Please write out word for word the opening lines of the material, including the line with "高考政治大一轮复习 第三单元 第三十八课" as the last.

───── SOURCE MATERIAL

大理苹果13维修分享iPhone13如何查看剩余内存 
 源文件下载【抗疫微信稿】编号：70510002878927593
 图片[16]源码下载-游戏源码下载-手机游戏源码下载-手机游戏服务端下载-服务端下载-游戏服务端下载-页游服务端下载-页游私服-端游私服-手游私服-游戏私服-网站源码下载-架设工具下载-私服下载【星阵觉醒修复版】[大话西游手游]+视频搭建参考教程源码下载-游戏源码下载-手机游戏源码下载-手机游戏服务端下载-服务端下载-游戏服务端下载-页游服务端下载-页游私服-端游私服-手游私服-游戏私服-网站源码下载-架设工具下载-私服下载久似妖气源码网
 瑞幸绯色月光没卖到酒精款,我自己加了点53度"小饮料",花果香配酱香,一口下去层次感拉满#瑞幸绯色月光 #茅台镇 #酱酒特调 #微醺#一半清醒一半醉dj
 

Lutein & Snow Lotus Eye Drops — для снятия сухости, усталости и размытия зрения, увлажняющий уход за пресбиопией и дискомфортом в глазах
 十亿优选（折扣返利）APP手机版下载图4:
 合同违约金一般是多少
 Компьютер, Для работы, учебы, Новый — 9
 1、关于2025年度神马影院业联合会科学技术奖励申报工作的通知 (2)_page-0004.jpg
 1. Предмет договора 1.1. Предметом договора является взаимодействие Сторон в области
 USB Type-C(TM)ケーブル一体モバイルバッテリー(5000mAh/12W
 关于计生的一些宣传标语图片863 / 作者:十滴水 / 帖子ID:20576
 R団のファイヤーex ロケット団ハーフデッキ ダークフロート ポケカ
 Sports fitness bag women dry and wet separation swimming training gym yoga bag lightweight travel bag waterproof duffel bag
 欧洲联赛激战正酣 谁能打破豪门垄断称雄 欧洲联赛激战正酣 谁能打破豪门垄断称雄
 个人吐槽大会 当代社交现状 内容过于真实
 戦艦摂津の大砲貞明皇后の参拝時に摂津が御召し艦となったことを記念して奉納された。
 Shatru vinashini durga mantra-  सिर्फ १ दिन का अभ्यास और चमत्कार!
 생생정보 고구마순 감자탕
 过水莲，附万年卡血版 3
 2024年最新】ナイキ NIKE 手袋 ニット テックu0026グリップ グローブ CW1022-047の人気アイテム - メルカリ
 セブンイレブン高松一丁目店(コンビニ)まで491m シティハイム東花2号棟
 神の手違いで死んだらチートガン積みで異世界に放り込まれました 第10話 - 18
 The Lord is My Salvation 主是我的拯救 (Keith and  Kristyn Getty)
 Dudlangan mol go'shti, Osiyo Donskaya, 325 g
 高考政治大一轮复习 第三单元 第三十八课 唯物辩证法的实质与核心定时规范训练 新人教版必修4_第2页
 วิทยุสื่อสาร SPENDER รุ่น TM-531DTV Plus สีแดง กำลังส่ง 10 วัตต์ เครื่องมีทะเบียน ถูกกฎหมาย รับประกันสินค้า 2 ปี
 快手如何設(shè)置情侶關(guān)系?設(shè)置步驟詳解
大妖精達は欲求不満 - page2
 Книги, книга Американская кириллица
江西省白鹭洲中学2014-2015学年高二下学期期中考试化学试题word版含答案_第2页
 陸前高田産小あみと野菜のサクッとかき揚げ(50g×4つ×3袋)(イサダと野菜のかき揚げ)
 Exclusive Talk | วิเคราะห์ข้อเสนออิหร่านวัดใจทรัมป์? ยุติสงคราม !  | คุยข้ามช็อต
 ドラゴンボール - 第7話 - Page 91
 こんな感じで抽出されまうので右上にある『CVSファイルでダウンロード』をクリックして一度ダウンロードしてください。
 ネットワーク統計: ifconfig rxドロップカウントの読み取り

──────────

_OUTPUT OF THE TASK_.
大理苹果13维修分享iPhone13如何查看剩余内存 
 源文件下载【抗疫微信稿】编号：70510002878927593
 图片[16]源码下载-游戏源码下载-手机游戏源码下载-手机游戏服务端下载-服务端下载-游戏服务端下载-页游服务端下载-页游私服-端游私服-手游私服-游戏私服-网站源码下载-架设工具下载-私服下载【星阵觉醒修复版】[大话西游手游]+视频搭建参考教程源码下载-游戏源码下载-手机游戏源码下载-手机游戏服务端下载-服务端下载-游戏服务端下载-页游服务端下载-页游私服-端游私服-手游私服-游戏私服-网站源码下载-架设工具下载-私服下载久似妖气源码网
 瑞幸绯色月光没卖到酒精款,我自己加了点53度"小饮料",花果香配酱香,一口下去层次感拉满#瑞幸绯色月光 #茅台镇 #酱酒特调 #微醺#一半清醒一半醉dj
 

Lutein & Snow Lotus Eye Drops — для снятия сухости, усталости и размытия зрения, увлажняющий уход за пресбиопией и дискомфортом в глазах
 十亿优选（折扣返利）APP手机版下载图4:
 合同违约金一般是多少
 Компьютер, Для работы, учебы, Новый — 9
 1、关于2025年度神马影院业联合会科学技术奖励申报工作的通知 (2)_page-0004.jpg
 1. Предмет договора 1.1. Предметом договора является взаимодействие Сторон в области
 USB Type-C(TM)ケーブル一体モバイルバッテリー(5000mAh/12W
 关于计生的一些宣传标语图片863 / 作者:十滴水 / 帖子ID:20576
 R団のファイヤーex ロケット団ハーフデッキ ダークフロート ポケカ
 Sports fitness bag women dry and wet separation swimming training gym yoga bag lightweight travel bag waterproof duffel bag
 欧洲联赛激战正酣 谁能打破豪门垄断称雄 欧洲联赛激战正酣 谁能打破豪门垄断称雄
 个人吐槽大会 当代社交现状 内容过于真实
 戦艦摂津の大砲貞明皇后の参拝時に摂津が御召し艦となったことを記念して奉納された。
 Shatru vinashini durga mantra-  सिर्फ १ दिन का अभ्यास और चमत्कार!
 생생정보 고구마순 감자탕
 过水莲，附万年卡血版 3
 2024年最新】ナイキ NIKE 手袋 ニット テックu0026グリップ グローブ CW1022-047の人気アイテム - メルカリ
 セブンイレブン高松一丁目店(コンビニ)まで491m シティハイム東花2号棟
 神の手違いで死んだらチートガン積みで異世界に放り込まれました 第10話 - 18
 The Lord is My Salvation 主是我的拯救 (Keith and  Kristyn Getty)
 Dudlangan mol go'shti, Osiyo Donskaya, 325 g
 高考政治大一轮复习 第三单元 第三十八课 唯物辩证法的实质与核心定时规范训练 新人教版必修4_第2页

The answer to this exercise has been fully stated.